立場を新たに、もっと自分の影響力を強めたい

「もともと私には上昇志向はなく、マネジメントに興味はありませんでした。しかし、前述の『SAPが社会的責任を果たせるようにしたい』という使命感は、日増しに強くなっていました。これまではひとりの担当営業だったので、自分が出来ることには限界がありました。だから、腹をくくったんです。『やはり管理職に就いたほうが、社内でも闘いやすい。だったらマネジメントを目指そう』と。ちょうどご縁もあり、今年から部長職を拝命しました。

いまは、対外的には、関経連(関西経済連合会)をひとつの活動母体にしています。DX特別委員会には、弊社の内田会長がメンバーとして参加しており、SAPのソリューションの話ではなく、SAP自体がグローバル経営変革を推進してきた取組みの紹介や、企業や業界をまたぐデータ連携コミュニティの幹事活動などをご紹介し、経営トップ層に直接、生き残りをかけた本気のDXが必要だとメッセージを発信しています。部長職になってからは特に、企業の役員や相談役、会長など、上位クラスの方々に直接モノ申すことができて『そういう話だったらちょっと聞いてみよう』と仰っていただける機会に出会えています。
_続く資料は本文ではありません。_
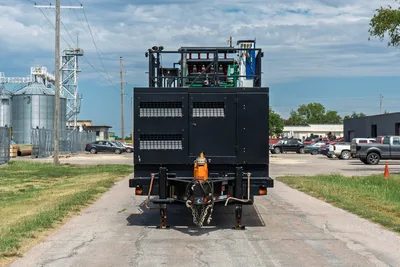 2023 American Augers M300DH mud recycler, rear view, trailer hitch, outriggers, vented engine enclosure, shaker deck, mixing system visible above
また、業務外の活動では、国際ビジネスコミュニケーション学会(JBCA)に参画していて、グローバル人材の育成と外部人材の活用を研究のテーマにしています。日本企業は外貨を稼ぐために『グローバル企業』が多く、営業・商品開発・サプライチェーン・人材活用などにおいて、グローバルに取り組むプロジェクトが乱立しています。しかし、もしこうした検討のベースとして、業界のベストプラクティス(リーダー企業たちの業務プロセス集)をたたき台の共通言語として活用すれば、グローバル人材が少なくてもうまく回るはず。そういうテーマも、私が発信したいメッセージとしては全部繋がっているんです。SAPの立場で発信することもあるし、SAPの名前を出さずに発信する機会もあります」

新卒で外資系SIerの営業に従事し、戦略コンサル会社へ。そしてSAPで再び営業職に戻ります。営業の存在価値とは何でしょうか。

外からの声だからこそ与えられる変革の種

「社外の営業の立場であれば、現場の問題や耳の痛い話が役員まで伝わっていないなと思ったら、もう役員に直接会いに行けばいい。内部にいたら、『この話は部長を通してから役員に…』と秩序ばかり重んじる必要がでてきて、いたずらに時間がかかる。日本企業は内部からの変革なんて絶対に無理です。結局、そういう風通しの良さを作れるのは、実は社内じゃなくて社外の人間なんです。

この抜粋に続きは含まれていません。